** Exercise data follows **
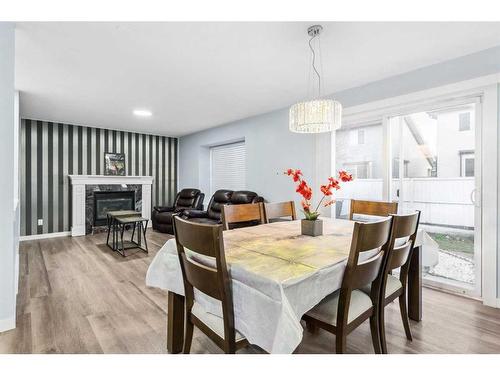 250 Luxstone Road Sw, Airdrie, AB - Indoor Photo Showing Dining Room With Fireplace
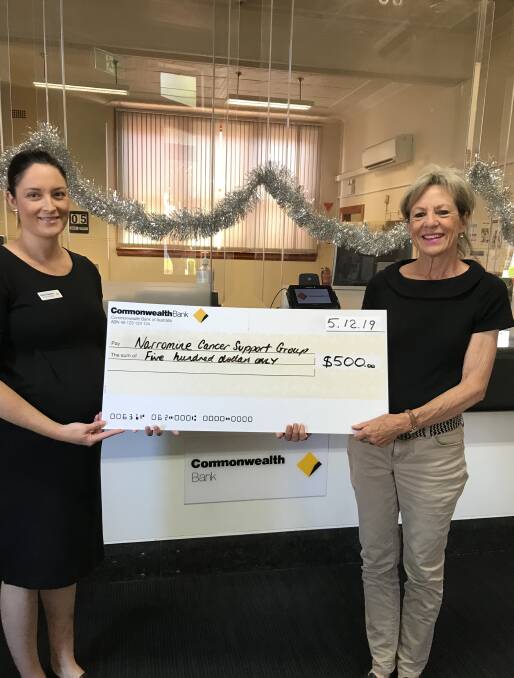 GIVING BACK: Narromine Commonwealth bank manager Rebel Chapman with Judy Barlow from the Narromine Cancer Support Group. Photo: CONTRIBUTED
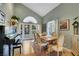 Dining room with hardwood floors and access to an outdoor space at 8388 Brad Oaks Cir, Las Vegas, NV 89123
** End of Exercise data **
Would you return the whole listing exactly, without the pictures?

 250 Luxstone Road Sw, Airdrie, AB - Indoor Photo Showing Dining Room With Fireplace
 GIVING BACK: Narromine Commonwealth bank manager Rebel Chapman with Judy Barlow from the Narromine Cancer Support Group. Photo: CONTRIBUTED
 Dining room with hardwood floors and access to an outdoor space at 8388 Brad Oaks Cir, Las Vegas, NV 89123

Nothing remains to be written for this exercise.